Isserlis’s bristling intensity was responsive to the youthful vitality while also bringing a yearning lyricism to the interior pages. The two men showed a sure feel for the fantasy element and Brahmsian ebb and flow in the expansive opening Allegro. The central Allegretto was aptly playful and lightly inflected while the impassioned finale was put across with imposing stormy intensity, rounded off with a burst of velocity at the coda. Gerstein’s playing was consistently insightful and alert, though the pianist was a bit too deferential to his cellist colleague, keeping his dynamics down a notch too far at times where the keyboard part needed to be highlighted more strongly.

The Cello Sonata No. 2 in F major is a work of Brahms’ full maturity, showing greater assurance and individuality, with the composer’s vein of lyricism and headlong energy to the fore here with vivid, at times jarring contrasts in four movements.

With his animated facial expressions, Isserlis showed intense engagement with the music throughout. He and Gerstein displayed a spirited response to the opening movement and were fully in synch with the rhapsodic style of the music, drawing out the lyric episodes without sacrificing cohesion and forward momentum. The lovely Adagio brought playing of child-like delicacy from both men, while the ensuing scherzo-like movement was played with sharp rhythmic vitality. Isserlis and Gerstein were close partners in the finale, charting the movement from easy-going and relaxed to the assertive and impassioned expression of the coda.

Kirill Gerstein

Isserlis made his recording debut 21 years ago  with the Brahms sonatas and his idiomatic touch was superb throughout. One rarely encounters a keyboard duo partner on the level of Gerstein for a featured string artist, or hears the piano part of these sonatas played with the degree of imagination and poetic touch that Gerstein brought to this music. Even in a supporting role, Friday’s concert further burnished the Gilmore Award winner’s reputation as one of the leading pianists of our day.
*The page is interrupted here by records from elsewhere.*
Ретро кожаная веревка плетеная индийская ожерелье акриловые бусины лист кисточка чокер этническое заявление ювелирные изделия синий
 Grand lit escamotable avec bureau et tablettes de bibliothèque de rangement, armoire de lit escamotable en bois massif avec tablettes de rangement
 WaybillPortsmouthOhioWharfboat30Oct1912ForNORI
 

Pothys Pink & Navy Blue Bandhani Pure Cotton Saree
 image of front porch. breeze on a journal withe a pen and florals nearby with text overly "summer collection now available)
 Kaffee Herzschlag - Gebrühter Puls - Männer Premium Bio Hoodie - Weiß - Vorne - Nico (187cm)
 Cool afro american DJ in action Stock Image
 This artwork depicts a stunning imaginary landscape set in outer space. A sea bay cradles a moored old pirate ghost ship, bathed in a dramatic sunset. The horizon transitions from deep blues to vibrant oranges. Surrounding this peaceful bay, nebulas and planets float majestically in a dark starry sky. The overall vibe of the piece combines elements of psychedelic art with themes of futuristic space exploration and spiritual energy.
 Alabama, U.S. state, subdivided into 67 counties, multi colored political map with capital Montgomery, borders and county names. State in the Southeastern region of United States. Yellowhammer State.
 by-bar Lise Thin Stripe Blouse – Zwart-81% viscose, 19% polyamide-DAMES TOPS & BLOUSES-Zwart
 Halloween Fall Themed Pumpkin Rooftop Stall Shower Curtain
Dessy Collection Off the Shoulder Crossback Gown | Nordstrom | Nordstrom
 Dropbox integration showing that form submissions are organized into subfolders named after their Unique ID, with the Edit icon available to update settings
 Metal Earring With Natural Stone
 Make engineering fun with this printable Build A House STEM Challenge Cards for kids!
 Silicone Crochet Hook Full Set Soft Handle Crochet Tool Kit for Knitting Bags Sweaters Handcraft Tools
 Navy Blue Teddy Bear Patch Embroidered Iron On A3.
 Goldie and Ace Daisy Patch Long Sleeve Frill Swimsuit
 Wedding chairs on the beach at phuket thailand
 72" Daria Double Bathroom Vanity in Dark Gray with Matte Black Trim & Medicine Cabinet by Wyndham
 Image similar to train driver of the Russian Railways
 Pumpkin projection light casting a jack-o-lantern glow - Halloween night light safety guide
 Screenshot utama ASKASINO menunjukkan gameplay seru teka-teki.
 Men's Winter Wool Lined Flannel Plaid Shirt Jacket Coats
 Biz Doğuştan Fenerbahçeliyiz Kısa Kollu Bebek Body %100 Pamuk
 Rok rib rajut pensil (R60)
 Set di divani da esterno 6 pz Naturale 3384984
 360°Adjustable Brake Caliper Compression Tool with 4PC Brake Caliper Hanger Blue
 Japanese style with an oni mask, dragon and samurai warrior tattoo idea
Four well-chosen rarities nicely prefaced each sonata.

Bartok’s Rhapsody No. 1 was written for violinist Joseph Szigeti but even before the first performance, Bartok arranged it for cello as well. Isserlis fairly attacked the pungent folk accents and tart Magyar harmonies, with playing that would have seemed a bit wild if the playing was not so accurate and precisely focused.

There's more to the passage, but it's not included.